Among the entries below, copy only the span from the line containing "Collection of six" through the line containing "Shihpoo dogs for". Do so exactly, and skip the pictures.

Captioned web images:
--------
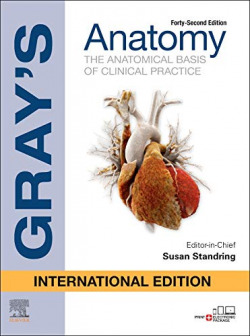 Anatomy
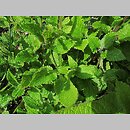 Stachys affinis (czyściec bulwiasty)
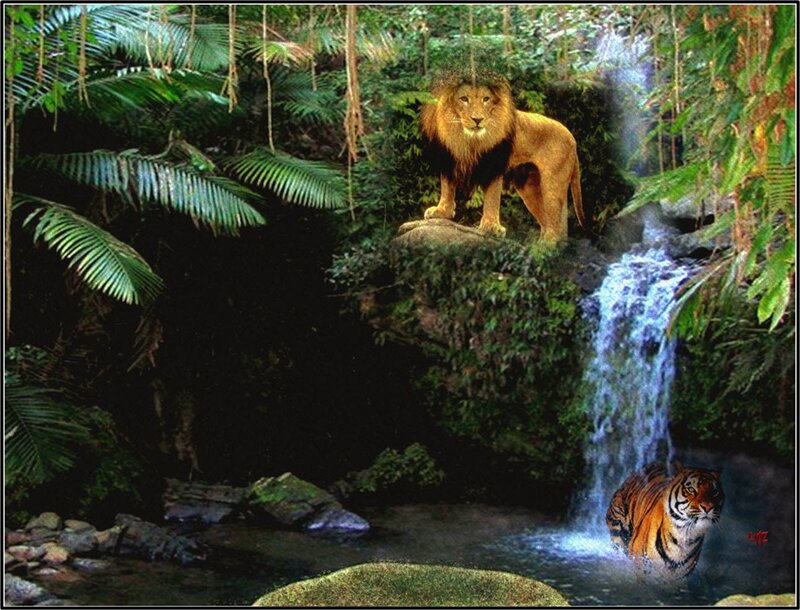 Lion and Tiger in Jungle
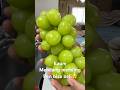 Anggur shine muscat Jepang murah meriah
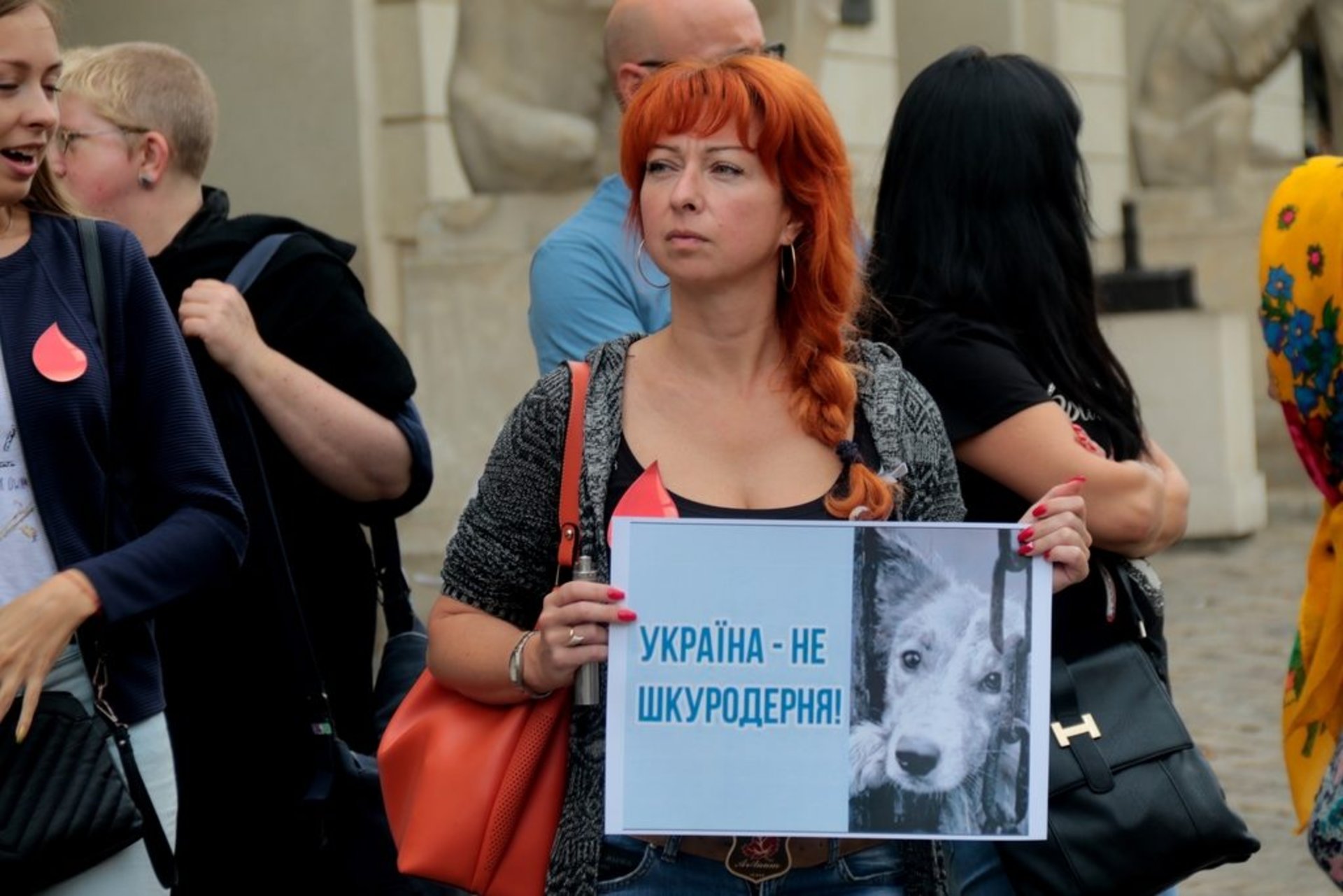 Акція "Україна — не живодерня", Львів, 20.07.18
--------
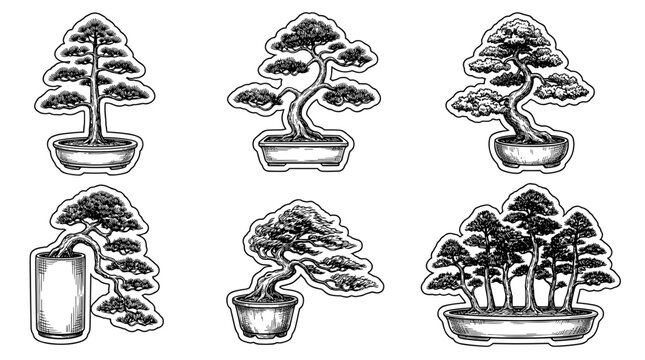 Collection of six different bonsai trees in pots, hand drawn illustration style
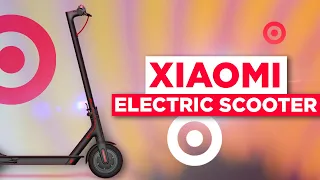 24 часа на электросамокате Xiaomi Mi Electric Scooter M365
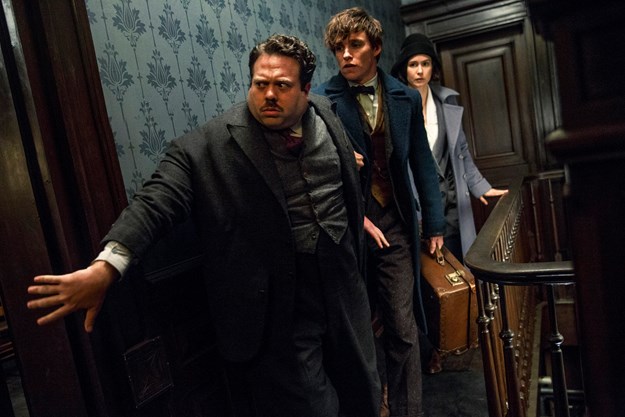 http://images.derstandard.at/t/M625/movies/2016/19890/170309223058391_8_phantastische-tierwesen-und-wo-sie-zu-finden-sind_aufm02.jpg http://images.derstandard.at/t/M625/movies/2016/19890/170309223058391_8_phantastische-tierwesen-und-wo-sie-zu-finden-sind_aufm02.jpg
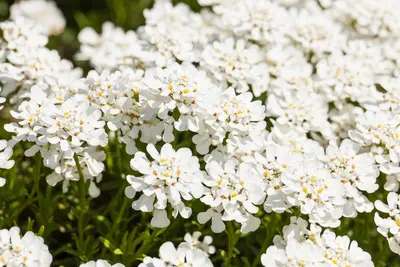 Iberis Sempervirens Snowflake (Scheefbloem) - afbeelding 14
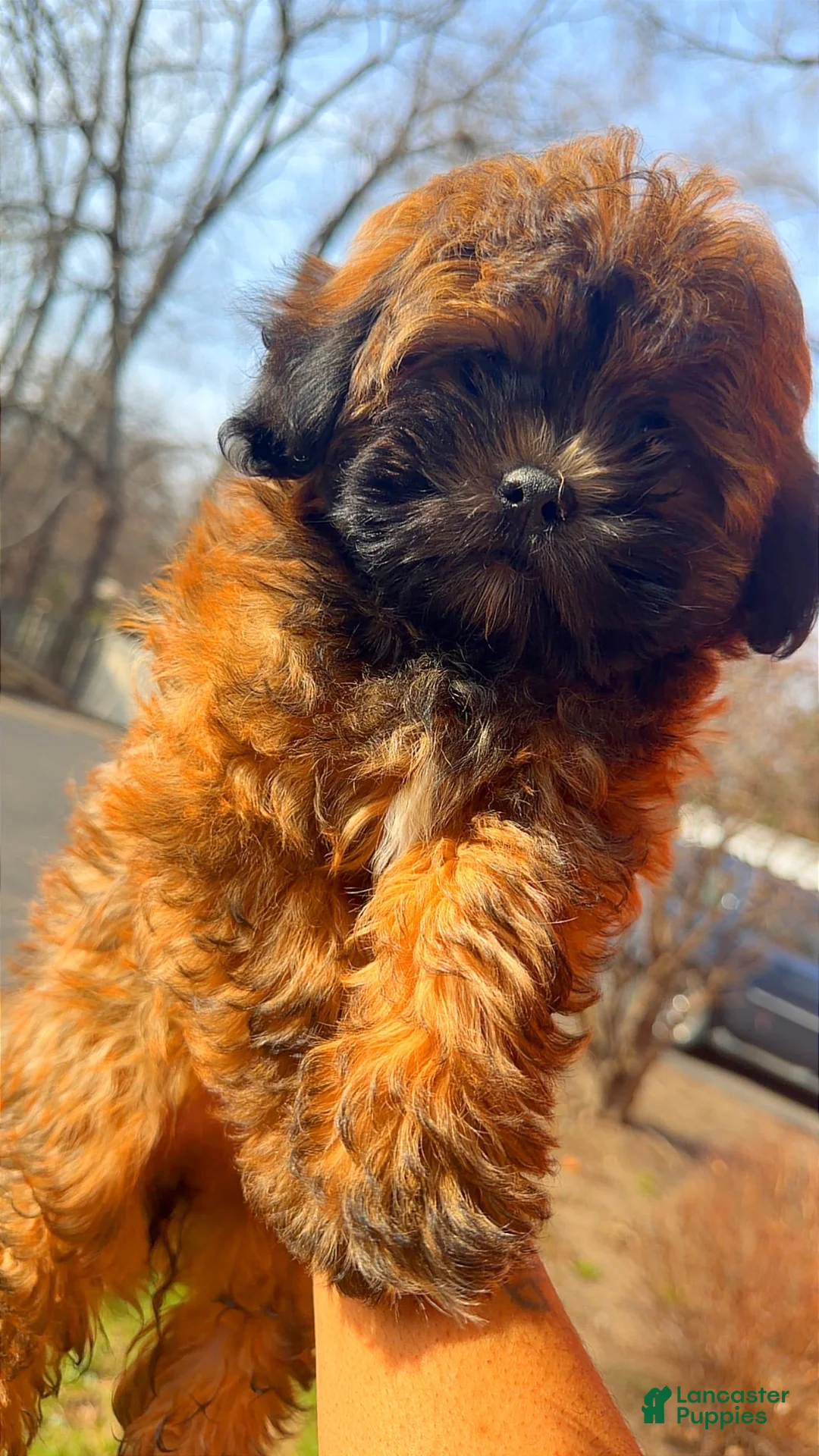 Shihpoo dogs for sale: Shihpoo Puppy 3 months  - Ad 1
--------
Solved problem:
 Collection of six different bonsai trees in pots, hand drawn illustration style
 24 часа на электросамокате Xiaomi Mi Electric Scooter M365
 http://images.derstandard.at/t/M625/movies/2016/19890/170309223058391_8_phantastische-tierwesen-und-wo-sie-zu-finden-sind_aufm02.jpg http://images.derstandard.at/t/M625/movies/2016/19890/170309223058391_8_phantastische-tierwesen-und-wo-sie-zu-finden-sind_aufm02.jpg
 Iberis Sempervirens Snowflake (Scheefbloem) - afbeelding 14
 Shihpoo dogs for sale: Shihpoo Puppy 3 months  - Ad 1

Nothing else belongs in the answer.